A Complete Guide to Finally Doing a Thing You’ve Been Avoiding

One of the hardest things for a procrastinator is to tackle long-avoided tasks – ones you’ve balked on so many times that they’ve become a “thing” in your mind.

Conquering these tasks is absolutely achievable, even for you, but you do need a system. Here’s how I do it.

This method will work for any project you find intimidating or too complex to easily manage.

Why you’ve been avoiding that thing forever

My hypothesis is that we run from certain tasks not because they’re unpleasant to do, but because they’re unpleasant to think about.

Each person finds it unpleasant to think about certain kinds of work: financial stuff, cleaning up messes, learning tricky concepts, dealing with bureaucracies.

These tasks generate a bit of worry every time you think about them. They don’t just feel like work you have to do; they feel like danger you have to protect yourself from. If you’re not ready when you attempt it, you might screw it up, get overwhelmed, or look like a fool. You might open a can of worms that makes things worse.

These worried thoughts accumulate like barnacles, making the task feel like a nasty little monster in your mind. It’s ugly, unpredictable, and a bit threatening.

So you put it off. But it remains there in the mind, staring at you.

Whenever you think about it – and life will make you think about it — new worries attach themselves. But you still don’t act.

The more you delay, the more mental baggage piles up around it. After a few cycles of hesitation, the task starts to seem like a whole gang of dangers. It’s hard to even look at.

By now it’s become a “thing” in your mind, a gauntlet of hazards, a Big Deal you need to be super ready for. If you attempt this task and encounter any surprises, setbacks, or bad feelings, you will die! You must make sure you’re completely ready!

But… you still can’t help but worry about it. Soon it becomes a whole monster squad that you can’t even begin to think how to deal with.

You’re certainly not ready to tackle it yet, and now you need even more readiness than before, because it’s such a huge, dangerous Thing now.

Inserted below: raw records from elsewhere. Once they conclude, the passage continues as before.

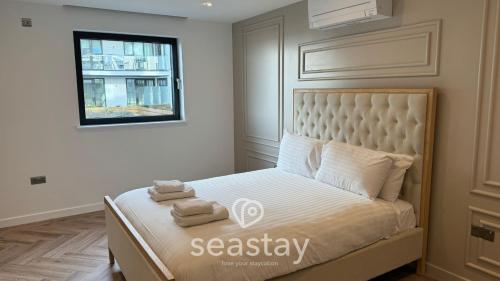 una camera da letto con un letto con due asciugamani sopra di Sea Garden Ramsgate Sleeps4 Parking Amazing Views a Ramsgate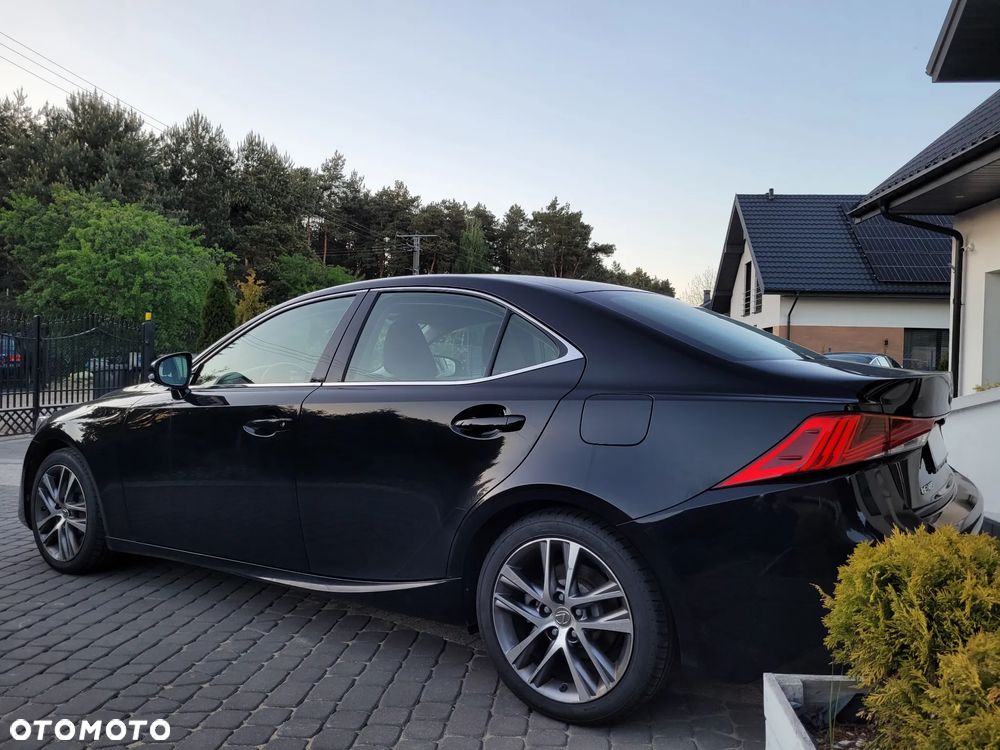 Lexus IS 200t / 300 Black - 8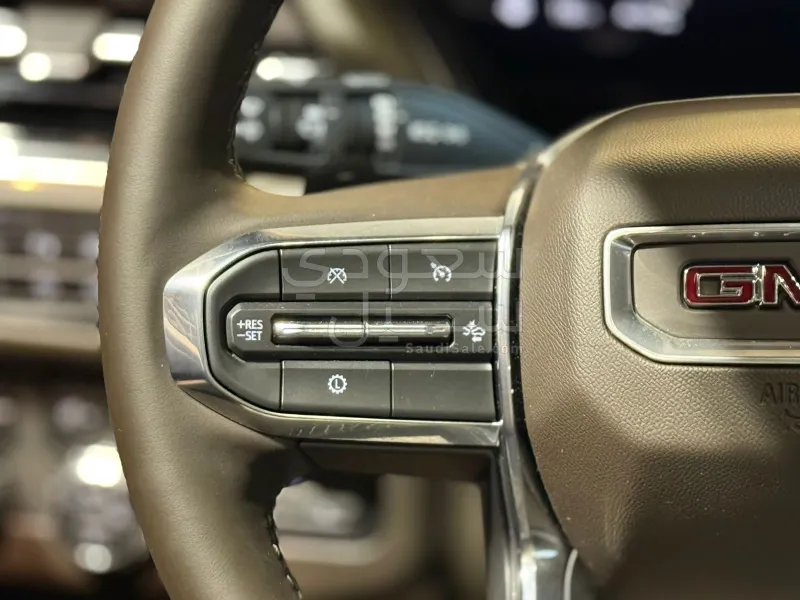 2025 جي ام سي يوكون اليفيشن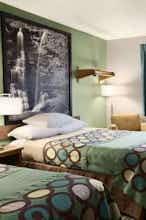 Hotel Super 8 by Wyndham Batesville photo 2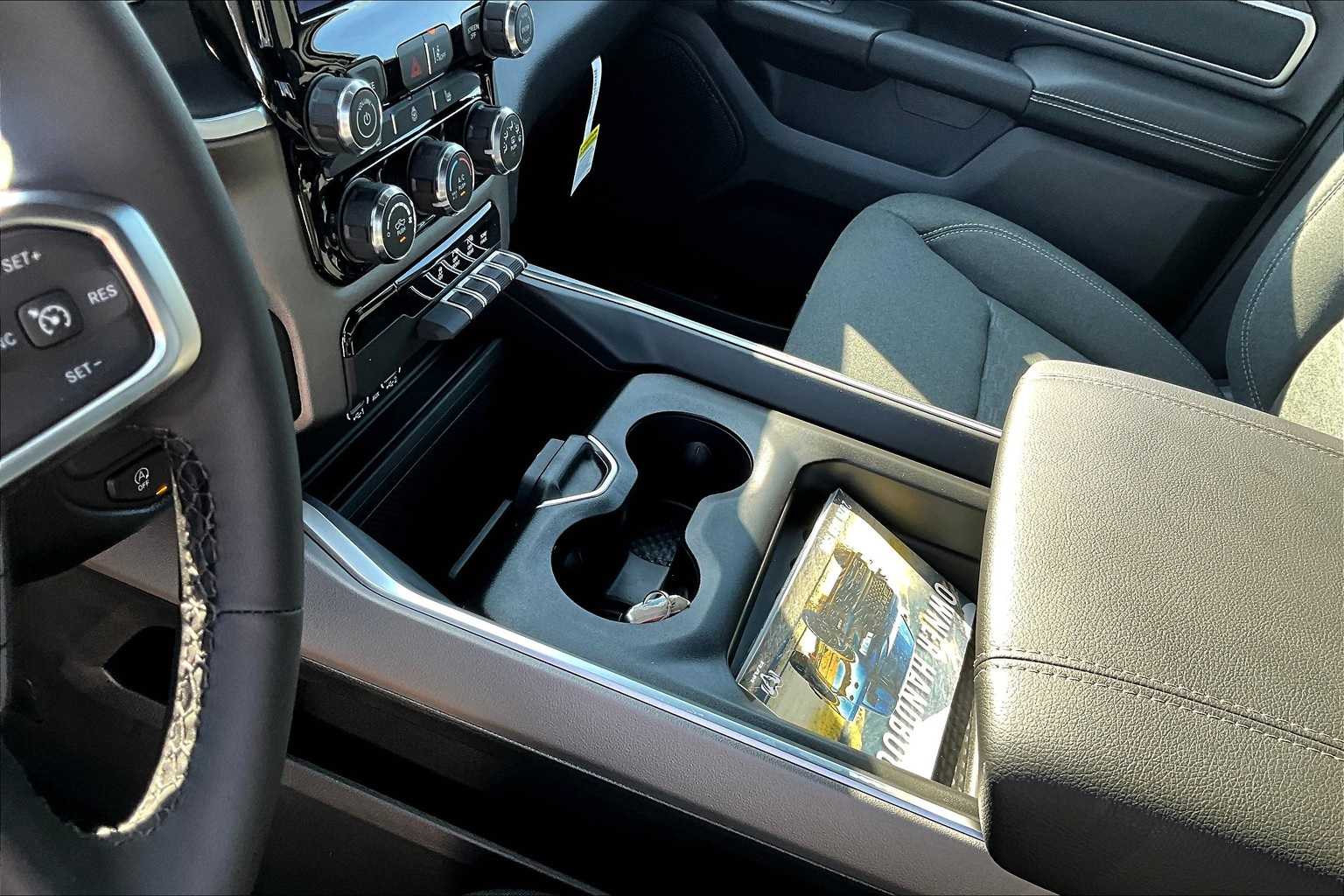 Thumbnail: 2026 RAM 1500 - 16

At a certain point, the wise part of you recognizes that you are not headed for the state of perfect readiness you think you need. In fact, you’re only getting less ready. The best bet, as it was from the start, is to do the thing now.

But meanwhile you’ve spent all this time making it worse, and you feel less prepared to deal with it than ever. This self-created hell-state is familiar to all serious procrastinators.

Tasks aren’t real until you start them

Here’s the good news: you can avoid doing battle with the monster squad. That’s because the monster squad isn’t real. It’s a mirage made of accumulated mental baggage – thoughts about the task, not the task itself.

But you can only avoid the battle by starting the task. Once you start a task, the mirage begins to dissipate, because starting a task pulls it out of your imagination and puts it into reality.

The procrastinator’s imagination is a gong show of disorganized worry:

Un-started tasks appear en masse as an infinite cloud of worry

All tasks, in reality, are finite. Concrete. Actionable.

What do you need to do, really? You need to get a list of numbers into a spreadsheet, and figure out three or four formulas. You need to sort through eleven boxes of junk in the storage room. You need to fix three main bugs in your program.

As long as a task remains in your imagination, it is infinite. There’s no end to what must be considered and thought about. It cannot shrink, only grow.

To make the task manageable, you need to get it out of your head and into reality, by physically starting it.

Every task, once you actually get your hands on it, will ultimately resolve itself into some finite number of small, doable actions. You never encounter the deadly, ever-growing monster squad, aka the infinite gloom-cloud, that lives in your head.

Knowing this principle intellectually is helpful. If you get your hands on the concrete reality of the task, the mental monster squad disintegrates.

However — knowing the principle doesn’t solve the problem, because principles are just more stuff in your head. Only physically starting it solves the problem.

So how do you get your hands on the concrete reality of the task? What’s the first thing you do?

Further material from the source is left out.